People v. Martinez

— Appeal by the defendant from a judgment of the County Court, Westchester County (Nicolai, J.), rendered April 9, 1990, convicting him of criminal possession of a controlled substance in the fifth degree, upon a jury verdict, and imposing sentence. The appeal brings up for review the denial, after a hearing, of that branch of the defendant’s omnibus motion which was to suppress physical evidence.

Ordered that the judgment is affirmed and the matter is remitted to the County Court, Westchester County, for further proceedings pursuant to CPL 460.50 (5).

On April 7, 1989, at about 10:50 p.m., Detective Joseph Radzinski and his partner were on patrol in an unmarked police car. They were patrolling an area where Detective Radzinski had previously made approximately 50 drug-related arrests when they observed the defendant remove a metal "Hide-A-Key” box from the steel grate covering the window of a plumbing supply store. The Hide-A-Key box was of a kind in which Detective Radzinski had on prior occasions observed persons hide cocaine.

The two detectives, each dressed in plainclothes but wearing an identifying badge, exited the vehicle, without drawing their guns, in order to make inquiry. The defendant, who on a prior occasion had observed Detective Radzinski making an arrest, looked at the detectives and turned and ran, with the Hide-A-Key box, into a nearby grocery store, which was open to the public. Detective Radzinski and his partner followed and they observed the defendant hand the box to the codefendant Palmer, who, followed by Detective Radzinski, went to the back of the store, where he threw the box to the floor. Detective Radzinski picked up the box, looked inside, and saw 17 vials of what appeared to be and later proved to be crack cocaine. Both the defendant and Palmer were then placed under arrest.

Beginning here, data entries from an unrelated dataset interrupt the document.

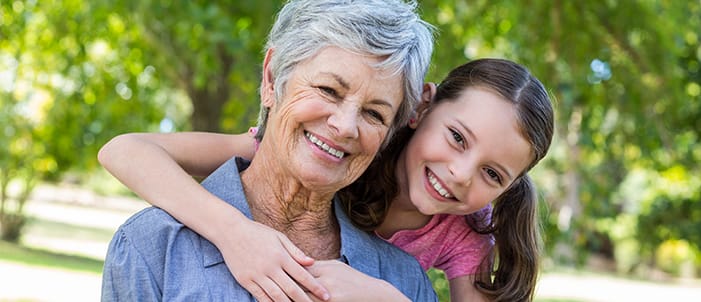Smiling grandmother and granddaughter embracing outdoors, representing multi-generational family dental care and warm, patient-focused oral health services.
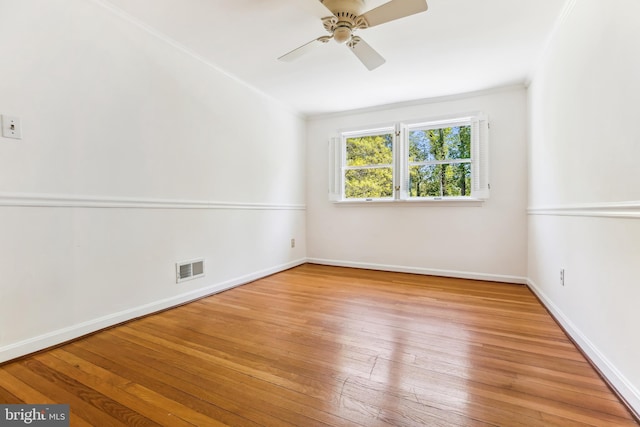 spare room with wood-type flooring, baseboards, visible vents, and ceiling fan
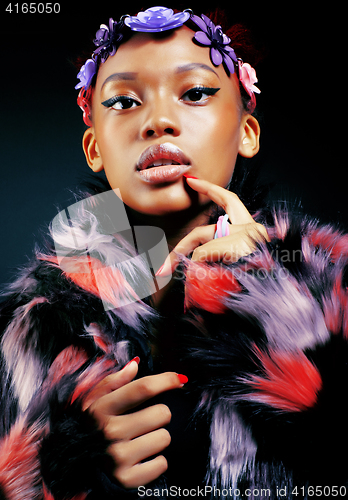 Image of young pretty african american woman in spotted fur coat and flow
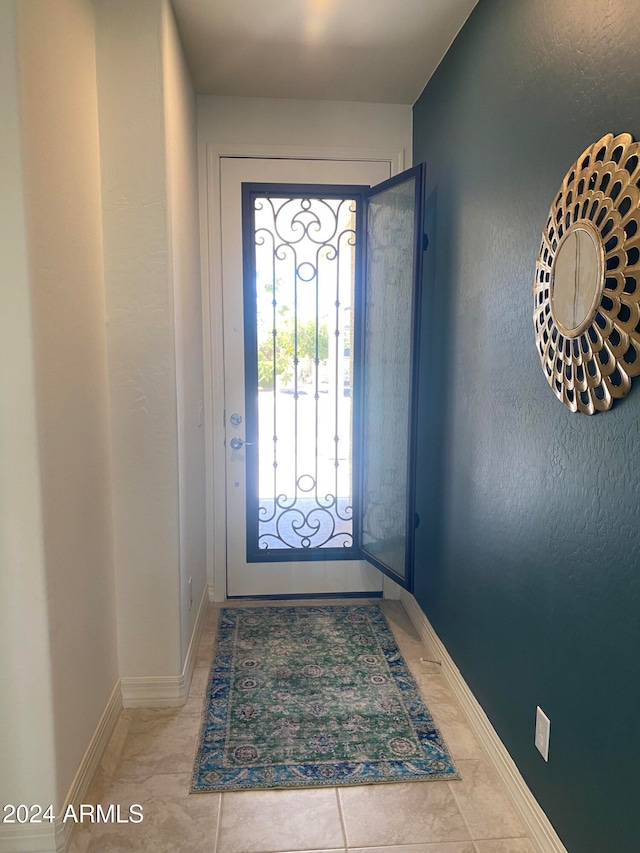 doorway featuring light tile patterned floors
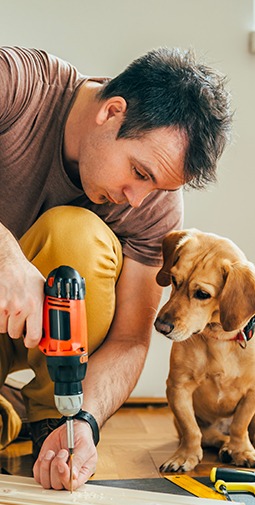 A man in a brown shirt uses an electric drill on the ground while a puppy watches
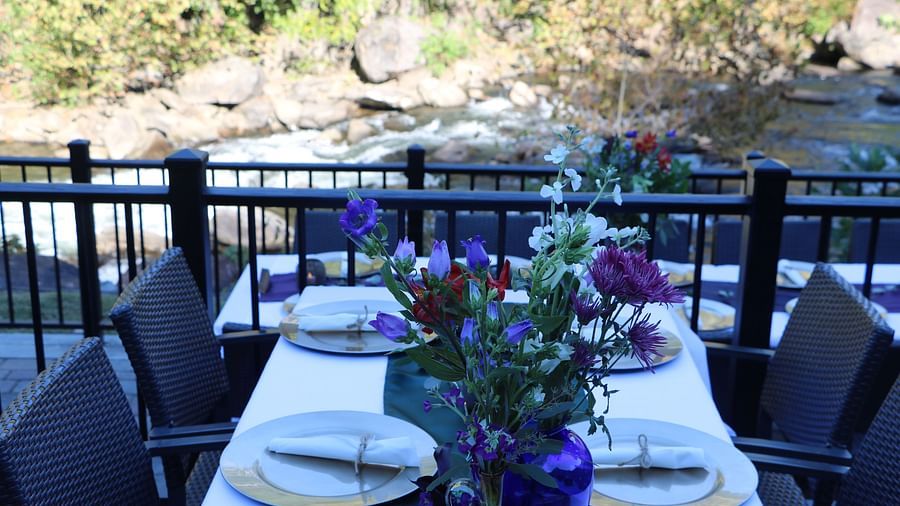 a close up view of a riverside dining table set with plates, cutlery, and a floral centerpiece - Historic Tapoco Lodge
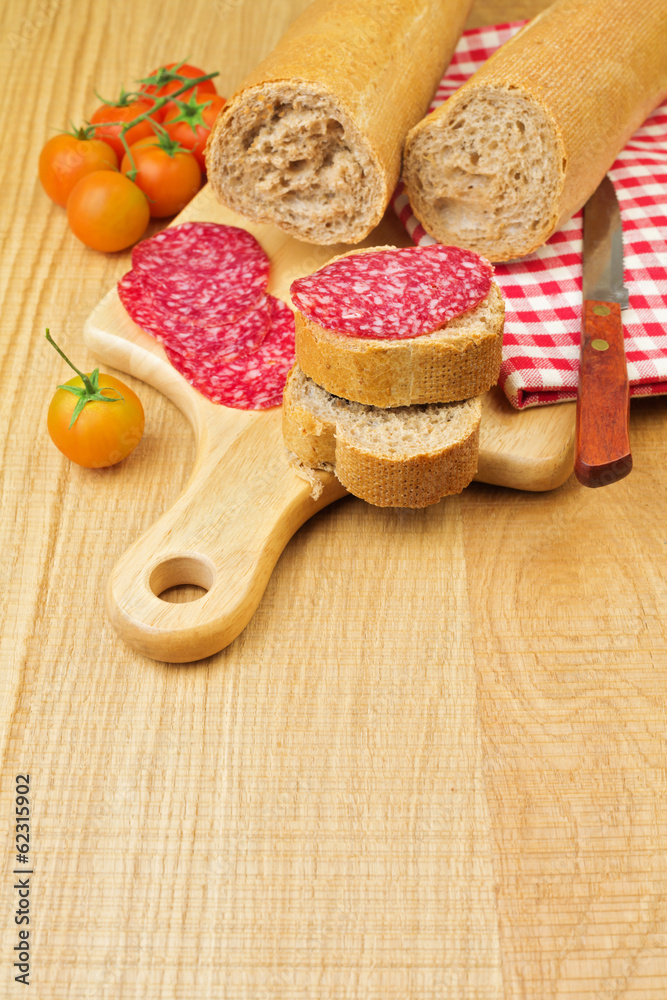 Sandwich with sliced meat sausage salami and tomatoes Sandwich with sliced meat sausage salami and tomatoes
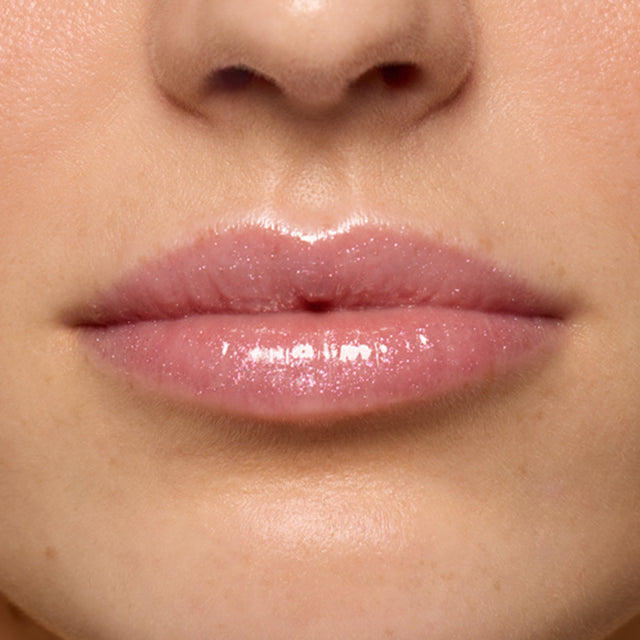 Light skin tone model wearing Lip Pulse in Aura Flare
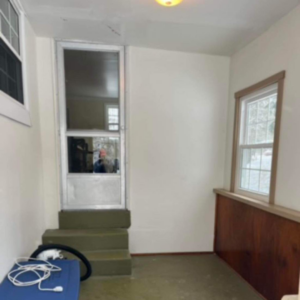 An 'before' view of an entryway needing renovation, showing an old screen door and dirty steps by A 2 Z Home Services - Fairmont WV.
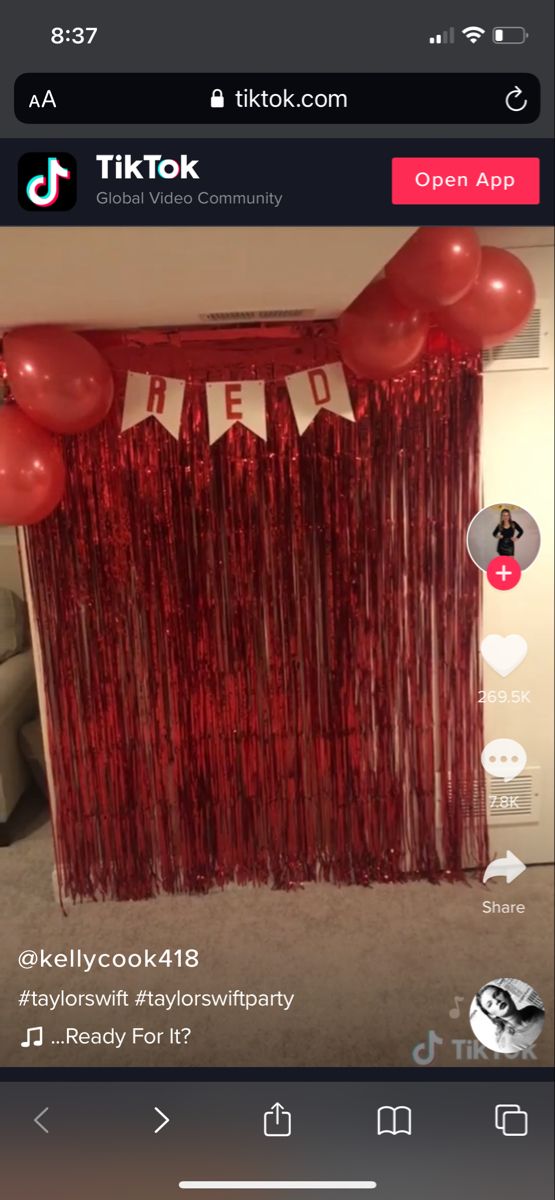 a red curtain and some balloons in the room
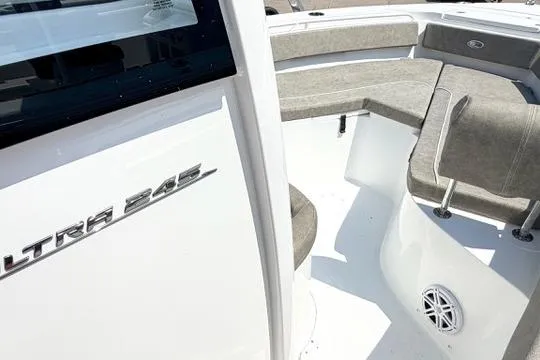 Slide: The Image of 2027 Sea Hunt Ultra 245 SE boat interior with cushioned seating and sleek design. - 24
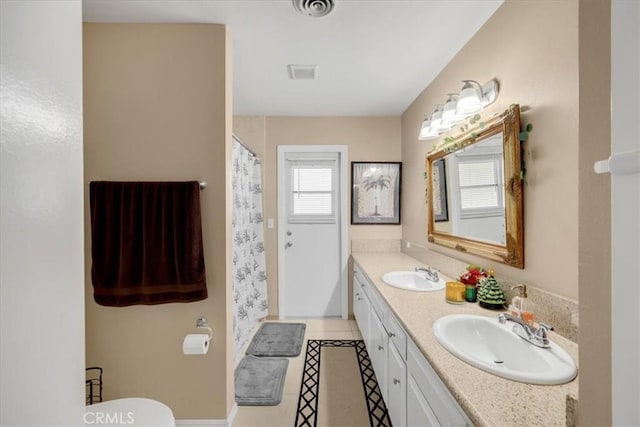 bathroom with a shower with curtain, tile patterned flooring, vanity, and toilet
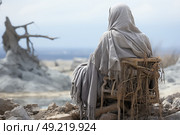 A cloaked person sits alone on a weathered wooden chair amidst a barren, rocky desert expanse, under a hazy sky. Стоковое AI-изображение, AI-художник Данила Большаков / Фотобанк Лори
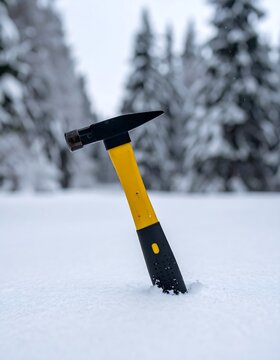 Yellow Handle Hammer Stuck In Snowy Forest.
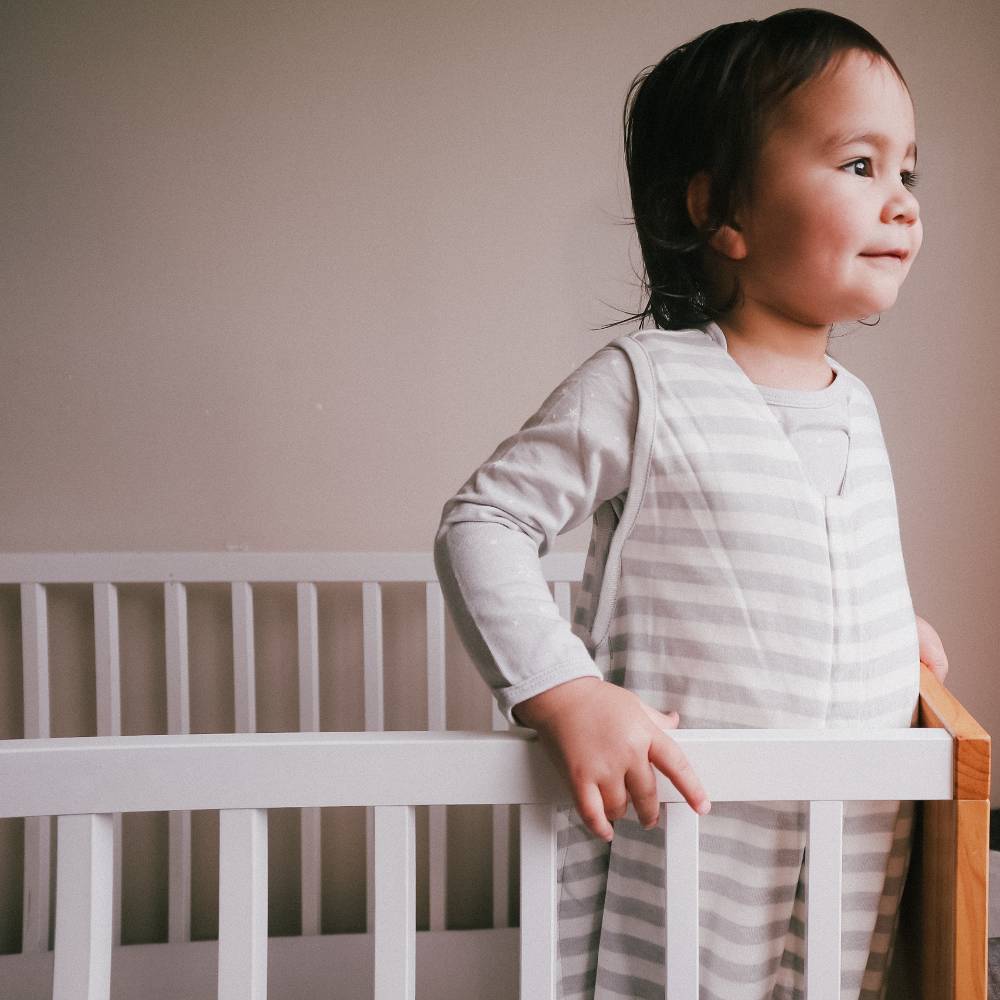 Child standing in a crib wearing a striped outfit against a plain wall.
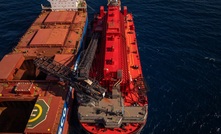 A MinRes transshipper loading Onslow ore.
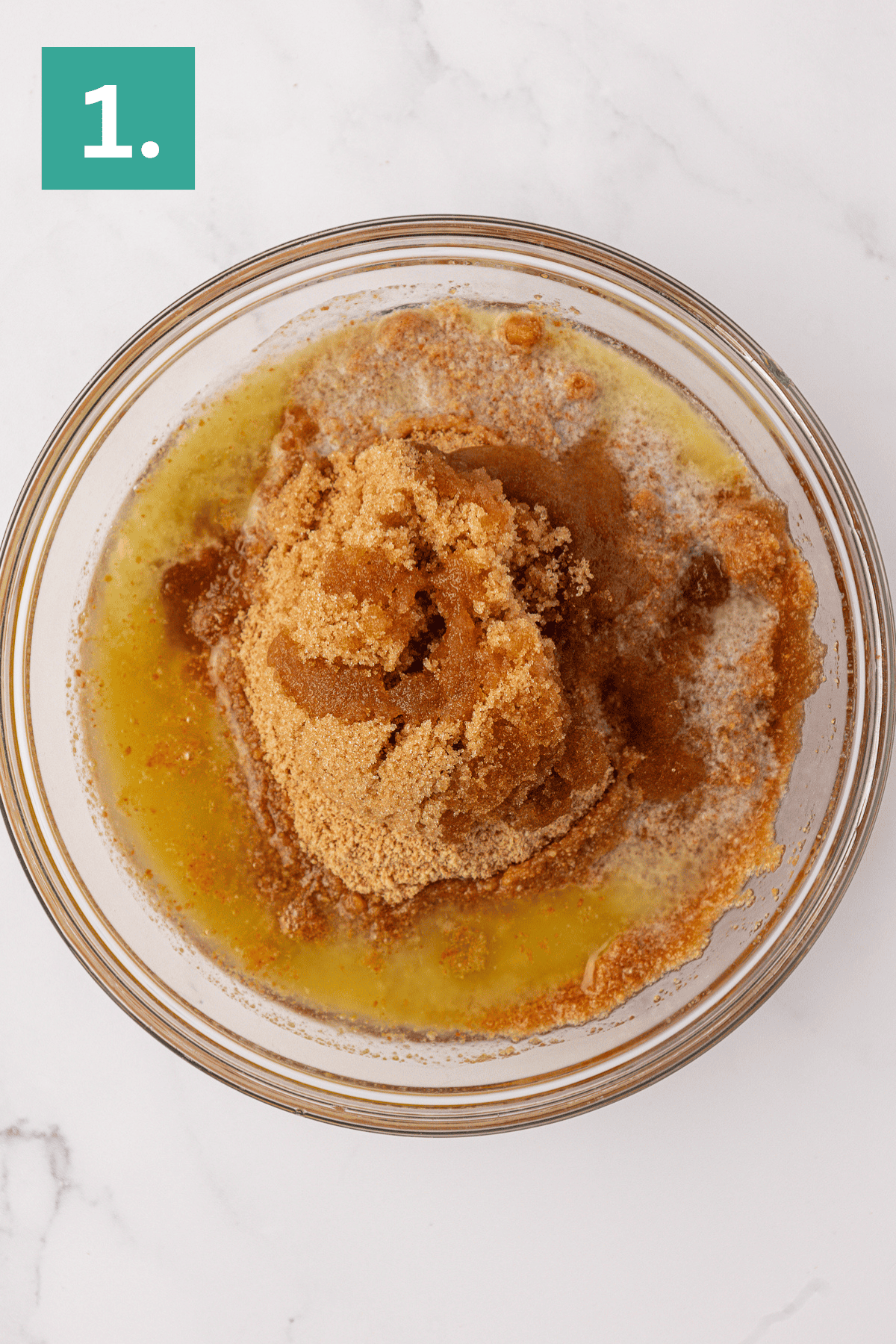 A glass bowl filled with melted butter, brown sugar, and cinnamon sits on a white marble surface. A green box with the number 1 appears in the top left corner, marking the first step for making a Philadelphia no bake cheesecake.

Although the defendant contends otherwise, we conclude that the County Court properly denied the defendant’s motion to suppress the 17 vials of crack cocaine as the fruits of an unlawful seizure. We find, in light of Detective Radzinski’s experience, that the location, the hour, the defendant’s conduct in removing a Hide-A-Key box from a steel grate designed to prevent theft, and his flight upon the non-coercive *762approach of the police, all combined to provide a lawful basis for pursuit of the defendant into the grocery store (see, People v Leung, 68 NY2d 734; People v Wider, 172 AD2d 573; People v Grimsley, 156 AD2d 714; cf., People v Howard, 50 NY2d 583, 592, cert denied. 419 US 1023). Therefore, the defendant’s act of handing and thus abandoning the Hide-A-Key box to the codefendant Palmer was not the product of any unlawful police conduct (cf., People v Grimsley, supra; People v Wider, supra; see also, People v Boodle, 47 NY2d 398, 404). Since the defendant has no standing to challenge police conduct insofar as it was directed at the codefendant Palmer (see, People v Wesley, 73 NY2d 351; cf., People v Mosley, 68 NY2d 881, cert denied 482 US 914), whether Palmer also abandoned the "Hide-A-Key” box and thus whether Detective Radzinski was justified in opening it are not now at issue. However, the contraband Detective Radzinski thereby discovered gave him probable cause to arrest (cf., People v Leung, supra).

We also disagree with the defendant’s claim that the evidence was legally insufficient to support the verdict of guilt. Viewing the evidence in the light most favorable to the prosecution (see, People v Contes, 60 NY2d 620), we conclude that it was legally sufficient to support a determination that defendant possessed the cocaine seized from the Hide-A-Key box and that the defendant knew what he possessed. It is well settled that knowledge may be proven circumstantially and that, generally, possession may give rise to an inference that the possessor knows what he or she possesses (see, People v Mizell, 72 NY2d 651, 656; People v Reisman, 29 NY2d 278, 285, cert denied 405 US 1041). Moreover, upon the exercise of our factual review power, we are satisfied that the verdict of guilt was not against the weight of the evidence (see, CPL 470.15 [5]).

We have examined the defendant’s remaining contentions and find them to be unpreserved for appellate review or without merit (see, People v Ford, 66 NY2d 428; People v Thomas, 50 NY2d 467; People v Brown, 48 NY2d 388; People v Thomas, 170 AD2d 549). Harwood, J. P., Rosenblatt and Miller, JJ., concur.